Fin del Programa Remediar: el Gobierno reduce de 79 a 3 los medicamentos gratuitos y crece la preocupación sanitaria
Tras más de dos décadas garantizando el acceso gratuito a medicamentos esenciales, el Gobierno nacional redefinió el alcance del Programa Remediar. La nueva etapa se enfocará en enfermedades cardiovasculares, lo que genera preocupación por el impacto en millones de pacientes y en los sistemas de salud provinciales.
El histórico Programa Remediar, creado en 2002 para asegurar el acceso gratuito a medicamentos esenciales en el primer nivel de atención, atraviesa una profunda reestructuración. El Gobierno nacional dispuso la reducción del vademécum de 79 presentaciones farmacológicas a solo tres, focalizadas en enfermedades cardiovasculares, lo que encendió alertas en el ámbito sanitario y entre las autoridades provinciales.
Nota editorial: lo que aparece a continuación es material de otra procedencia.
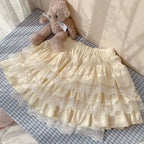 Pale Yellow Sweet Cute SK Lolita Cake Skirt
Una reestructuración con fuerte impacto sanitario
La decisión fue comunicada en el marco del Consejo Federal de Salud (COFESA), donde el director nacional de Medicamentos, Luis Gorostordoy, explicó que la nueva estrategia busca mejorar la eficiencia y la trazabilidad en la distribución de fármacos. El plan comenzará a regir plenamente a partir de septiembre y se centrará en enfermedades prevenibles de alta prevalencia, como la cardiopatía isquémica y la enfermedad vascular cerebral.
Durante más de dos décadas, el programa garantizó la provisión gratuita de medicamentos en más de 8.000 centros de atención primaria, cubriendo entre el 85% y el 90% de las patologías más frecuentes.
De 79 medicamentos a solo tres
Según un informe de la Fundación Soberanía Sanitaria, la reducción implica la discontinuidad de tratamientos clave para enfermedades crónicas y agudas. Entre los medicamentos que dejarán de distribuirse se encuentran:
- Crónicos prevalentes: insulina y antidiabéticos orales, antihipertensivos, tratamientos para hipotiroidismo, EPOC y asma.
- Agudos frecuentes: antibióticos para infecciones respiratorias y urinarias, corticoides, antiparasitarios, sales de rehidratación oral, analgésicos y antiinflamatorios.
- Otros esenciales: tratamientos para anemia, afecciones dermatológicas y problemas de salud bucodental.
En contraste, los tres medicamentos que permanecerán en el programa estarán destinados a enfermedades cardiovasculares:
- Un antihipertensivo básico.
- Un antiagregante plaquetario.
- Una estatina para el control del colesterol.
Impacto en las provincias
El recorte ya muestra efectos concretos en distintas jurisdicciones. En Tierra del Fuego, las entregas de medicamentos pasaron de 143.652 unidades en 2023 a 42.966 en 2025, lo que representa una caída cercana al 70%. En la provincia de Buenos Aires, los centros de salud abastecidos se redujeron de 1.617 en 2023 a 1.132 en 2026, mientras que las unidades de medicamentos distribuidas disminuyeron más de un 55%.
Esta situación obliga a las provincias a asumir la compra de medicamentos mediante licitaciones propias, incrementando la presión sobre sus presupuestos.
Advertencias desde la Provincia de Buenos Aires
El ministro de Salud bonaerense, Nicolás Kreplak, expresó una fuerte preocupación por la medida: "Desde cualquier punto de vista, es un desastre total". Además, advirtió que la eliminación del suministro gratuito podría generar un aumento de la demanda en hospitales y guardias, especialmente ante la llegada del invierno y el incremento de enfermedades respiratorias.
Kreplak también destacó el carácter federal del programa: "Hay lugares del interior donde no hay farmacias. El único acceso a medicamentos es a través del Estado. Estamos hablando de 20 millones de personas".
Argumentos oficiales
Desde el Ministerio de Salud señalaron que la reestructuración responde a la necesidad de mejorar los mecanismos de control y trazabilidad, tras detectarse irregularidades en la distribución de los botiquines, como casos de malversación, venta ilegal de medicamentos y utilización política de los recursos. Según fuentes oficiales, menos del 10% de los centros de atención primaria reportaba adecuadamente el uso de los insumos.